* _Records_

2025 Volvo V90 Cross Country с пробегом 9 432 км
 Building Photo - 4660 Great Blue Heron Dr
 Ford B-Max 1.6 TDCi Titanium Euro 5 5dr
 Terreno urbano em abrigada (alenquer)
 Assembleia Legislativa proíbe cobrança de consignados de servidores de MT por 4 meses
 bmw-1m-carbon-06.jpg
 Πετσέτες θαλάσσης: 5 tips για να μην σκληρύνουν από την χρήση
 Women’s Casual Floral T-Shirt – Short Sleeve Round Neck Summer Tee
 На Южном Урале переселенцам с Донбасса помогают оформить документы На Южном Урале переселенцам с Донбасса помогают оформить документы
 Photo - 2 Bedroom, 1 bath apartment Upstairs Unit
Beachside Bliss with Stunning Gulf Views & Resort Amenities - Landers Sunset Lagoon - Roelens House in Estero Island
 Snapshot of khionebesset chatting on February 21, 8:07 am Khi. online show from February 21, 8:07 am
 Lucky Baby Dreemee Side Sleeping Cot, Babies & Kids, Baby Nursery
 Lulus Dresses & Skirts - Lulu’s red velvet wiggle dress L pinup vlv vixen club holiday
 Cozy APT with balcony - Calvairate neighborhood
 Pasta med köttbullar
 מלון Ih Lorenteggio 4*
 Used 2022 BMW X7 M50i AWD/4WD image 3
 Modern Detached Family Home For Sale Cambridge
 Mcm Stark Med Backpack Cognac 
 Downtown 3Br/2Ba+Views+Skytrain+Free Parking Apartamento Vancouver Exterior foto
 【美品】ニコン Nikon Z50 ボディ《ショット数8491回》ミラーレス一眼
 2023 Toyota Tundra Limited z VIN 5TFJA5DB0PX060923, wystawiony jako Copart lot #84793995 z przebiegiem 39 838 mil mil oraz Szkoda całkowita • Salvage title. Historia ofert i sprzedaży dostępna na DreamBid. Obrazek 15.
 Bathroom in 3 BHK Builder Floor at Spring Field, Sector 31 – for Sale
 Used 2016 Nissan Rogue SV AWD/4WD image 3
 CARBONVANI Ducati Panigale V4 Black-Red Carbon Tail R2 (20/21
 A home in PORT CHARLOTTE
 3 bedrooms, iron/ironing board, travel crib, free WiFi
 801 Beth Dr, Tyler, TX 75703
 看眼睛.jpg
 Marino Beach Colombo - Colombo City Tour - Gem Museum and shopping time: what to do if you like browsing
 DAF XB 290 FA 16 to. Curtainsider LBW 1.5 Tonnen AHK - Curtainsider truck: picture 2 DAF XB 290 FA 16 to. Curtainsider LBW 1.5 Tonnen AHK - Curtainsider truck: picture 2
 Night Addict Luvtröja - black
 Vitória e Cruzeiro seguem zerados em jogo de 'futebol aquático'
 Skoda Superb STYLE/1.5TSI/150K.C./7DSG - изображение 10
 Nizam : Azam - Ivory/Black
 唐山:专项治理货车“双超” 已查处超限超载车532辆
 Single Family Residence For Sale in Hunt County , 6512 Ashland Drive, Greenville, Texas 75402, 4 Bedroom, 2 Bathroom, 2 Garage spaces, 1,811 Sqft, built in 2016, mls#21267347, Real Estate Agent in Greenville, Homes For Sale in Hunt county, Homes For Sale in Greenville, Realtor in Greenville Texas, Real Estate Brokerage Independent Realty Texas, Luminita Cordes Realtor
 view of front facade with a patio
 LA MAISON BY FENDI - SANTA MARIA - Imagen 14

* _Exercise_
Copy out only the lines of the records above from the one with "Women’s Casual Floral" through the one with "Photo - 2 Bedroom, 1", exactly as they stand, both included.

* _Reply_
 Women’s Casual Floral T-Shirt – Short Sleeve Round Neck Summer Tee
 На Южном Урале переселенцам с Донбасса помогают оформить документы На Южном Урале переселенцам с Донбасса помогают оформить документы
 Photo - 2 Bedroom, 1 bath apartment Upstairs Unit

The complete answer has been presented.